I bit my tongue. I KNOW that this woman meant no harm. I KNOW that she doesn't understand and THAT is part of the stigma of addiction. I was able to gently point that out.....that most, if not all, addicts are so physically and mentally stuck. That many many begin to use because of a mental health issue. That no one plans on becoming an addict, just like no one plans on becoming mentally ill. Our commonality is that we both have daughters who are very sick and very stuck.

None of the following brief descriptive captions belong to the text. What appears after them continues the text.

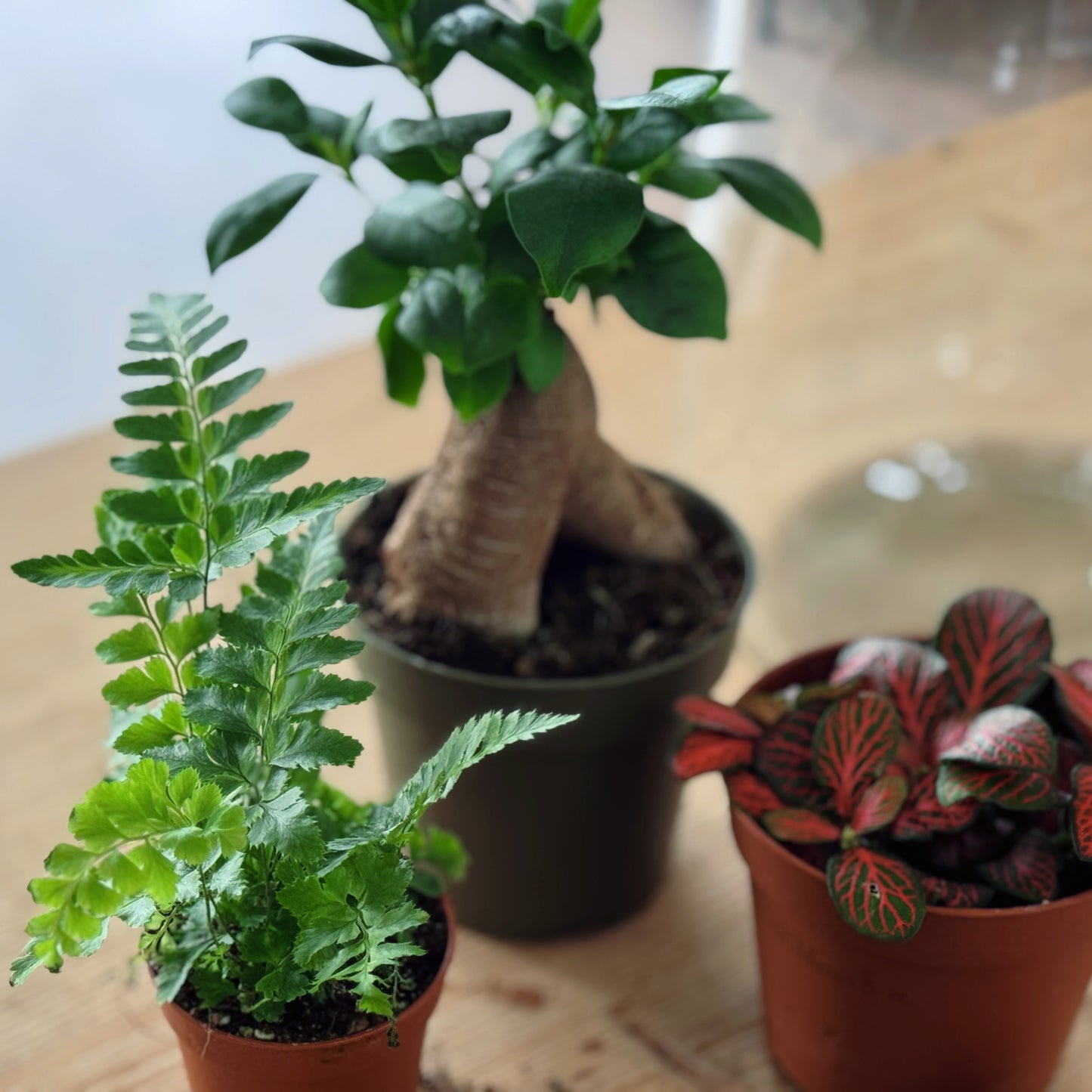 Flaschengarten DIY Set No86 - Ficus microcarpa 'Ginseng' x Rumohra adiantiformis 'Variegata' x Fittonia 'Forest Flame'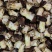 一级赤松茸5斤装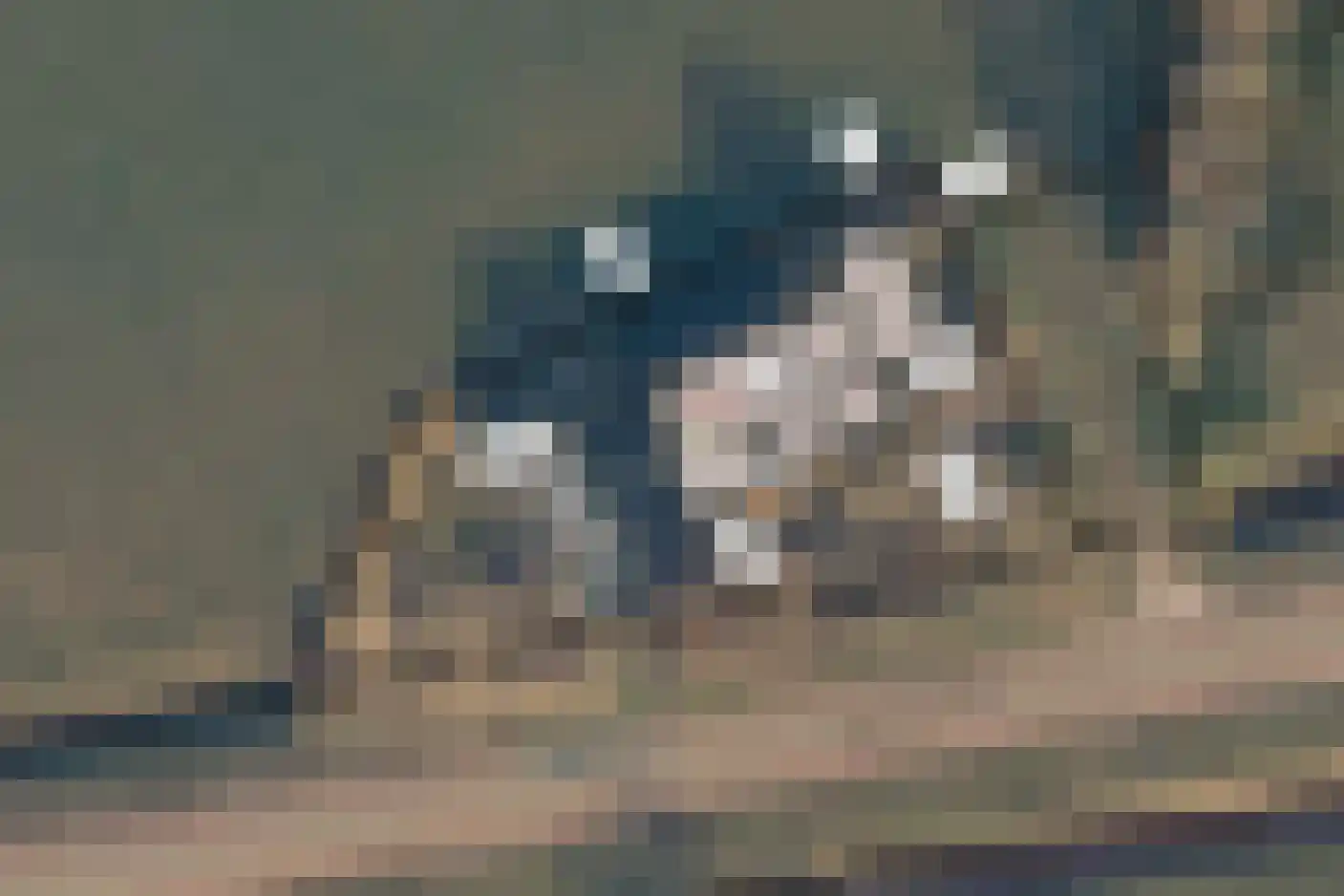 Angterperlaan 4 Parrega thumbnail 13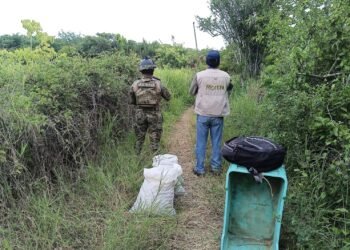 Saquean huevos de tortuga en playa Escobilla; Marina y Profepa intervienen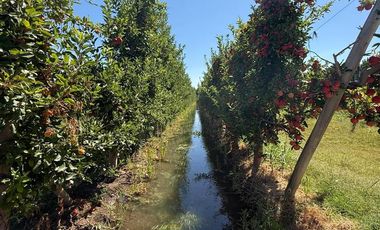 Chacra en venta 15,60 HA - San Patricios del Chañar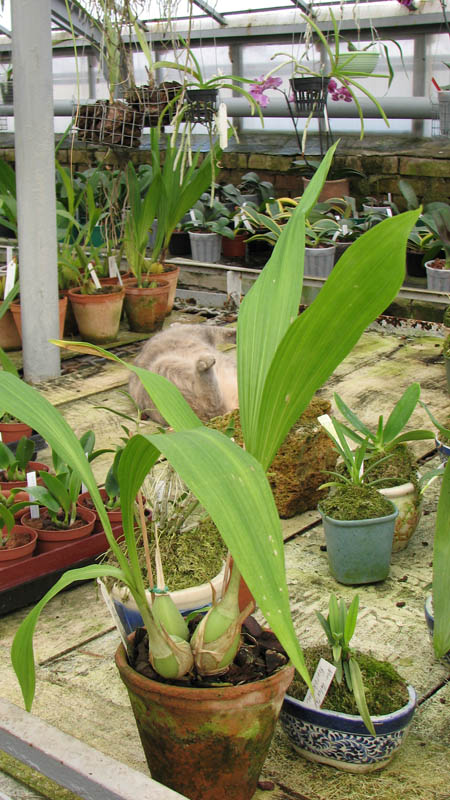 Фото орхидеи Ida cobbiana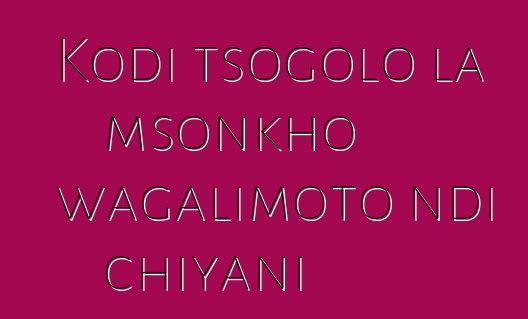 Kodi tsogolo la msonkho wagalimoto ndi chiyani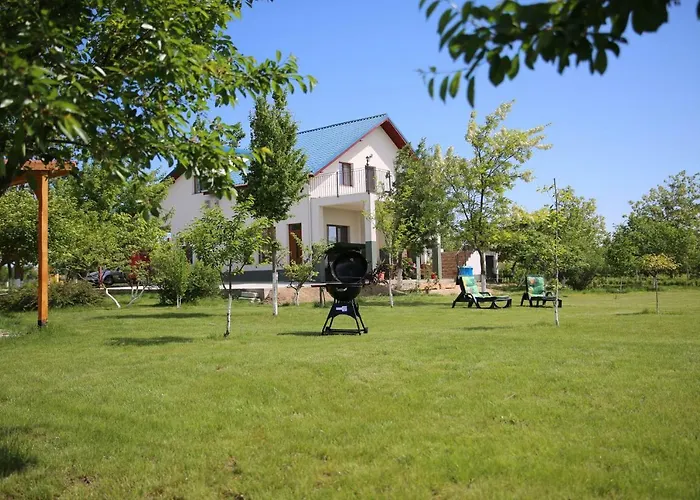 Pensiunea Palaghia Guest house 3*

I know of a young person, mental health issues, addiction issues....has lived on disability for the past several years. Was able to get healthy enough, thanks to the services made available to this individual. Was recently able to get a job making very little, thus lost all of their resources. No health insurance, no counseling, no methadone program... nothing. Now with the meager wage this person makes, if this person is able to hang onto the job for any length of time, they are expected to cover all of that and their living expenses. Its like they are being penalized for getting better. If you weigh them out...on one side you have the services that helped this person be well enough to accomplish what they have, to come this far.....on the other, you have the pride and feelings of self worth of holding down a job. They shouldn't, they can't, cancel each other out...but in our society, they do. There needs to be a provision for both to co-exist. A burgeoning sense of accomplishment and self reliance, with the support of the system. Without such provisions it feels like an impossible situation that is set up to keep our sick kids stuck.
So what is the answer?
In my little opinion, here in blogger-land where I spout my thoughts, I think our perceptions of "illness" need to change. Our judgements of deserving and being a victim need to change. No one "deserves" to be sick, in any form. But it happens. Babies are born with deformities, cancer, wonderful people who have given so much to society die from diseases and illness, and homeless drug addicts, someone's son or daughter, loved and hoped for by someone at some time, die alone in parks during the night....it happens. And no one is more innocent than the other. Even when addicts do awful immoral things, it circles back around to their disease. Please do not misunderstand me.....they are responsible for the things they do, and they need to live out those consequences....but if they weren't sick in their disease, they wouldn't do these things. Treatment vs. judgement. Absolution, forgiveness, freedom. For us all.